Auf die von Karstadt angekündigte „Tarifpause“ antwortete die Belegschaft während der begonnenen Tarifauseinandersetzung im Handel bereits mit ersten Warnstreiks. So will der Betriebsrat, trotz der Flucht aus dem Flächentarif des Warenhauskonzerns, für Lohnerhöhungen kämpfen. „Dies ginge zum Beispiel über Haustarife. Hier werde ver.di von dem Unternehmern kurzfristig Termine einfordern“, so ein ver.di Sprecher. Auch bestünde die Möglichkeit in der aktuellen Tarifrunde weitere Warnstreiks durchzuführen, sollte Karstadt sich weigern zu verhandeln. Zusätzlich denke man über weitere Aktionen nach. Erste Flugblätter an die Kunden wurden in Hessen verteilt. Informationen gab es darin über den „Tarifausstieg“ und die Arbeitsbedingungen beim Handelskonzern. Aufgeklärt wurde auch in Richtung „Bedienintensität“. Bei weiterer Stellenvernichtung drohe die Abwanderung von Kunden. Eine gehobene Preisgestaltung haben bisher viele Konsumenten akzeptiert, wenn die Beratung stimmte. Bliebe dafür aber in Zukunft noch weniger Zeit, gäbe es aufgrund des Verdrängungswettbewerbs im Handel genügend Ausweichmöglichkeiten im SB-Bereich.

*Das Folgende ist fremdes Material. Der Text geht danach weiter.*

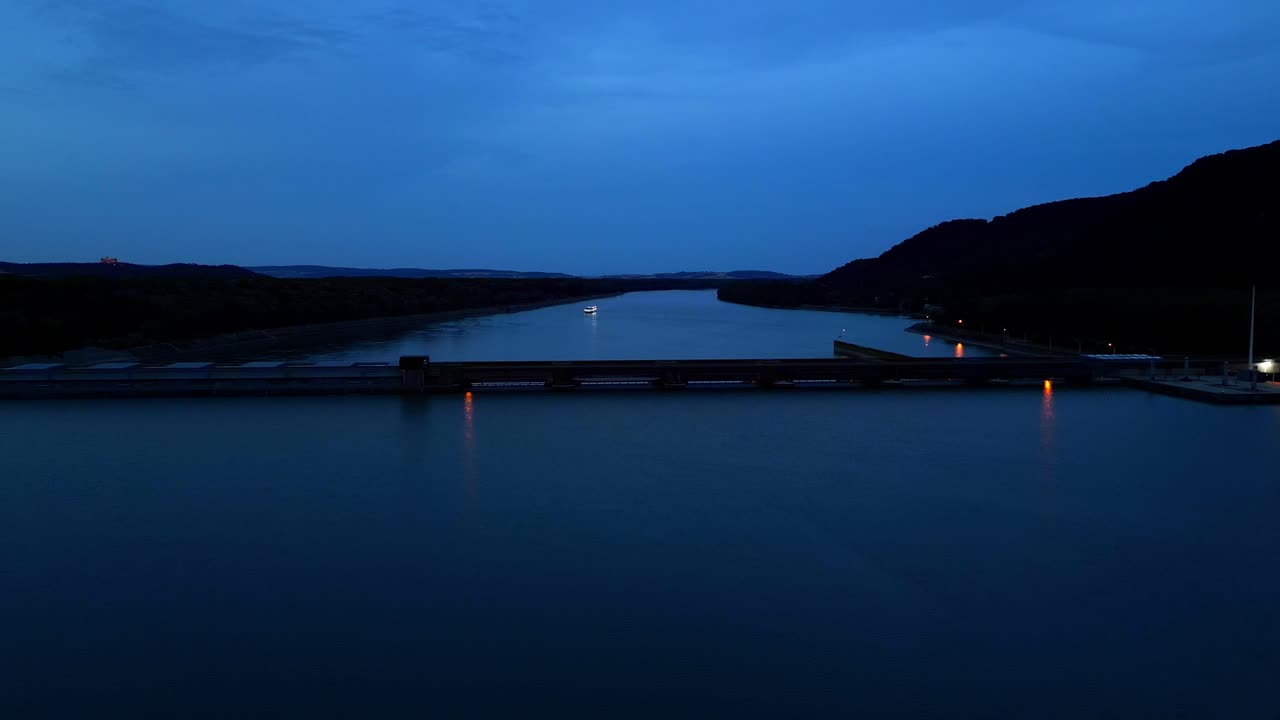 독일 헤센 주 그라이펜슈타인 에서 저녁 에 도나우 강 에 있는 수력 발전소 의 실루 ⁇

Unterstützung bekommen die Karstadt Betriebsräte auch vom Kaufhof. Deren Belegschaftsvertreter betonten, dass es richtig sei, sich nicht aus der Tarifrunde zu verabschieden. Deshalb müsse in die Tarifauseinandersetzung aktiv und gemeinsam eingegriffen werden. An die Adresse von ver.di gerichtet, betont die stellvertretende Betriebsratsvorsitzende, Marion Bartusch, Kaufhof Düsseldorf-Wehrhahn: „Ver.di darf keinen Tarifabschluss im Handel ohne die Rücknahme der Zwangstarifpause bei Karstadt abschließen.“

Bereits vor einem Jahr kündigten die Warenhausbosse den Abbau von rund 2000 Vollzeitarbeitsplätzen bis 2014 an. Gemessen am hohen Teilzeitanteil dürften es tatsächlich um die 4000 sein. Karstadt hatte 2009 Insolvenz angemeldet. Berggruen kaufte 2010 im Herbst den Warenhauskonzern symbolisch für einen Euro. Die neusten Nachrichten aus der Zentrale des Handelsriesen zeigen, dass auch beim jetzigen Eigentümer Berggruen, rigoros der Personalabbau weiter laufen soll.

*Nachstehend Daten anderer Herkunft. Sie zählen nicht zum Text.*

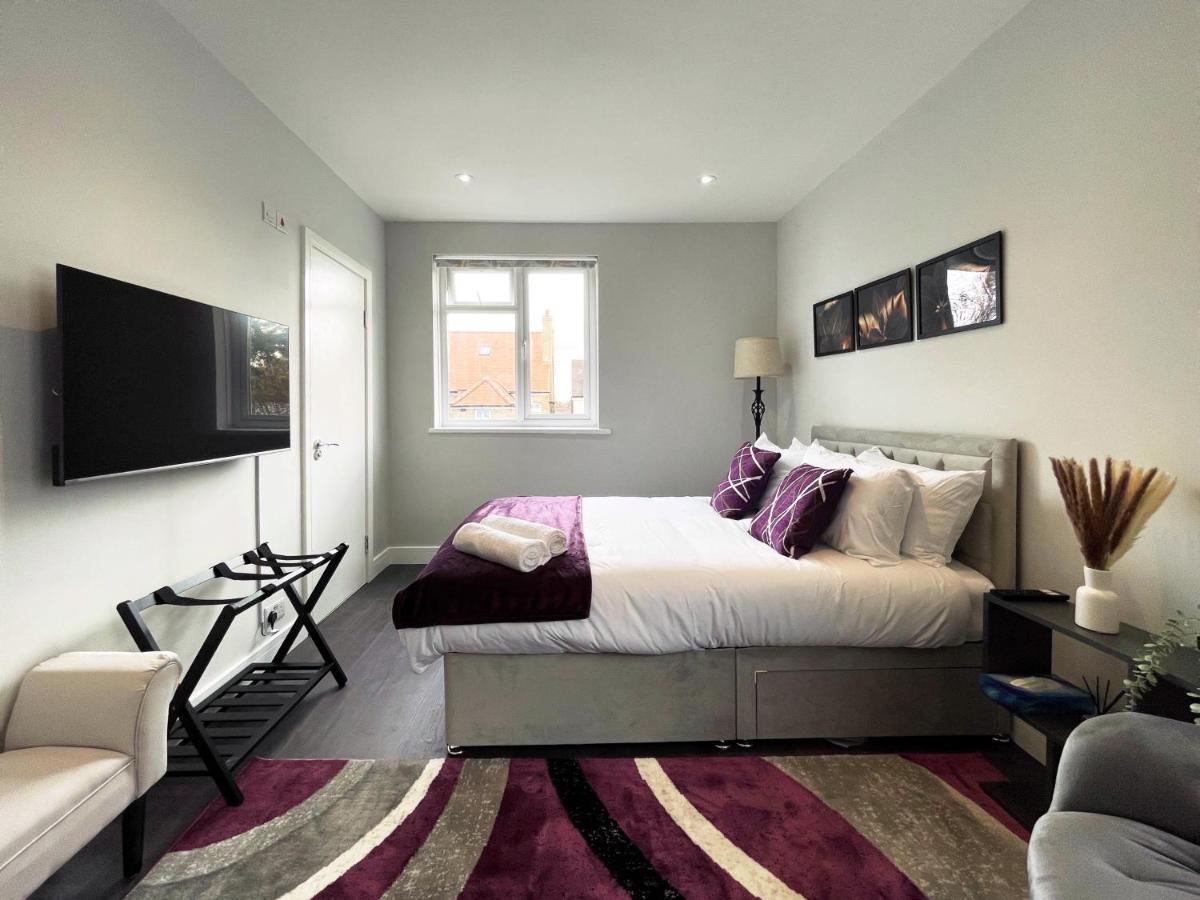 Bella's Place Near Wembley Stadium * London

Das Konzept der Konzernspitze, mit der Tarifflucht Ruhe in die Filialen zu bringen, ist offensichtlich. Dies muss durchschaut werden. Wo, wenn nicht in dieser Tarifrunde, kann dazu am besten Widerstand entwickelt und mobilisiert werden. Erinnert werden muss dabei auch an die Beschlüsse des letzten ver.di Bundeskongresses. Zahlreiche Anträge befassten sich mit der Zusammenführung von Warnstreiks und Arbeitskämpfen der unterschiedlichen ver.di Fachbereiche.

Die Forderung einer Arbeitszeitverkürzung bei vollem Lohn- und Personalausgleich, bei gleichzeitiger Verringerung der Ladenöffnungszeiten, gehört in die Auseinandersetzung. Sie wäre eine offensive Antwort auf das kapitalistische Streben, Arbeit immer billiger zu machen.